Book Club
The Outward Mindset Ch. 9, 10, and 11
At Ford Motor Company, every executive's status chart showed green—even as the company hemorrhaged seventeen billion dollars. Why? Because you couldn't be wrong at Ford and keep your position. So nobody was wrong. The company was failing, sure, but not because of me.
This session introduces the Outward Mindset Pattern—SAM: See Others, Adjust Efforts, Measure Impact—through the transformative story of Alan Mulally's turnaround at Ford. When one brave executive finally showed red on his chart, Mulally's response changed everything: "You aren't red. The issue you're working on is red." That distinction—people aren't problems, people have problems—unlocked the psychological safety that allowed real collaboration to begin.

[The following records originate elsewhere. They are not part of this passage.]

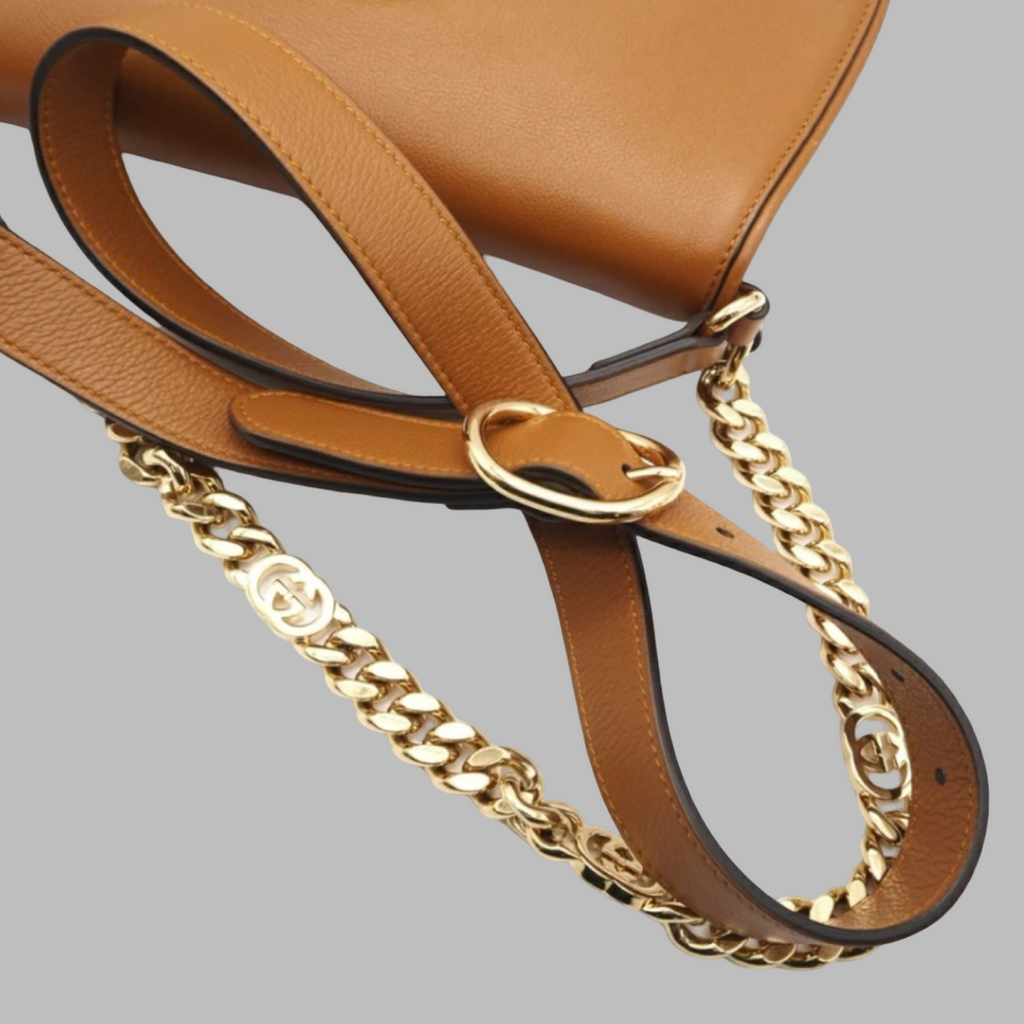 Gucci Blondie 2-Way Shoulder Bag Leather Caramel Authentic Previously Owned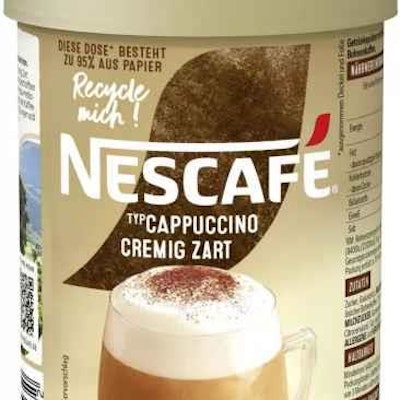 Nescafé's new paper-based coffee mix packaging is part of Nestlé's larger effort to reduce the use of virgin plastic by a third compared to 2018.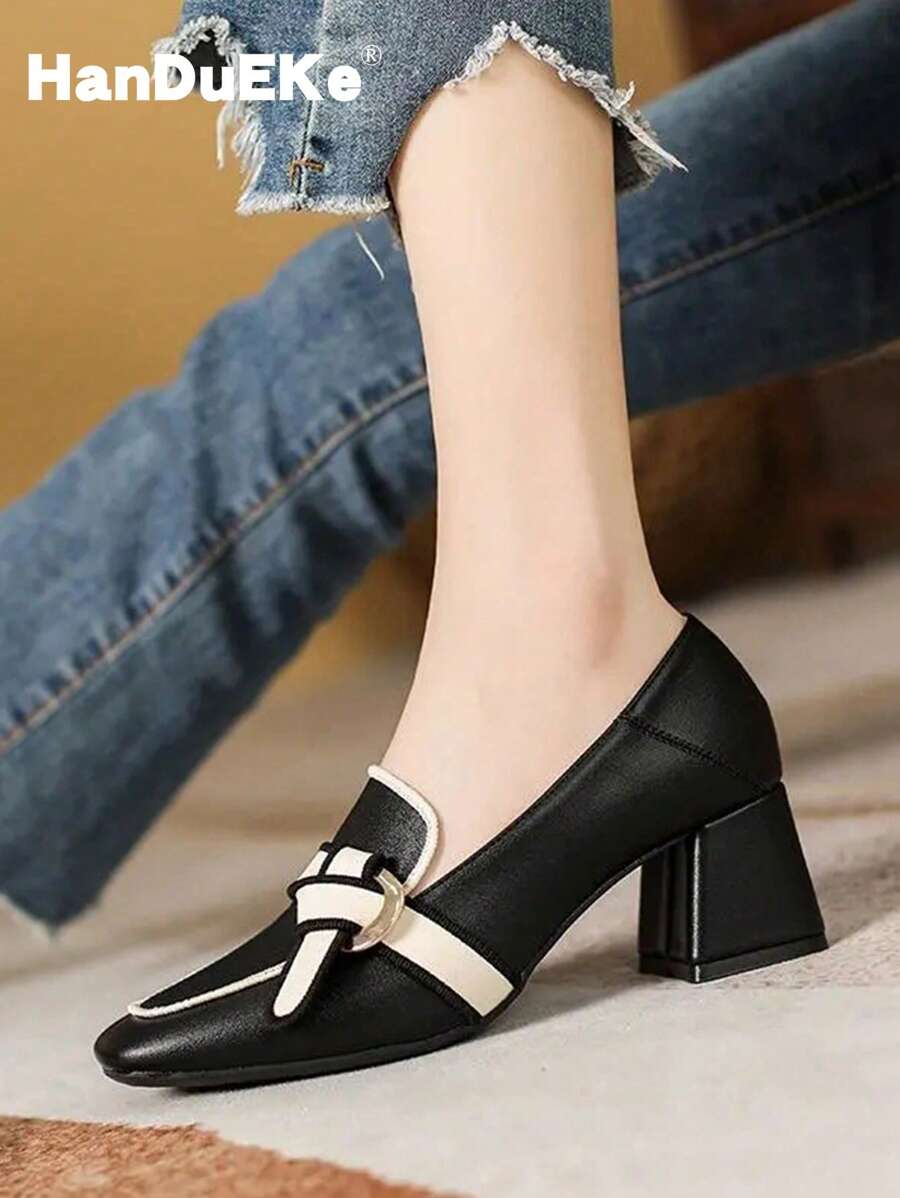 HanDuEke Women's High Heel Loafers 2023 Autumn Winter New Arrival, Vintage Color Block Embroidered Soft Leather Pumps, British Style Slip-on Shoes, Plus Size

Participants explore each element of SAM through personal application. What burdens lift when we truly see others? The pressure to perform, impress, and sell transforms into a simple question: "How can I help?" A fundraiser discovers that shifting from sale-focus to person-focus changes everything. A health and safety professional realizes that rigid rules don't require rigid delivery. A facilitator recognizes that not having all the answers is actually freedom, not failure.
The conversation deepens around measurement. Are we measuring output or impact? Phone calls made versus problems solved? Tickets closed versus people helped? Meetings held versus growth achieved? A powerful contribution from Bethlehem University in Palestine reframes impact entirely: "Hope is not the conviction that something will turn out well. It's the certainty that something is worth doing no matter how it turns out."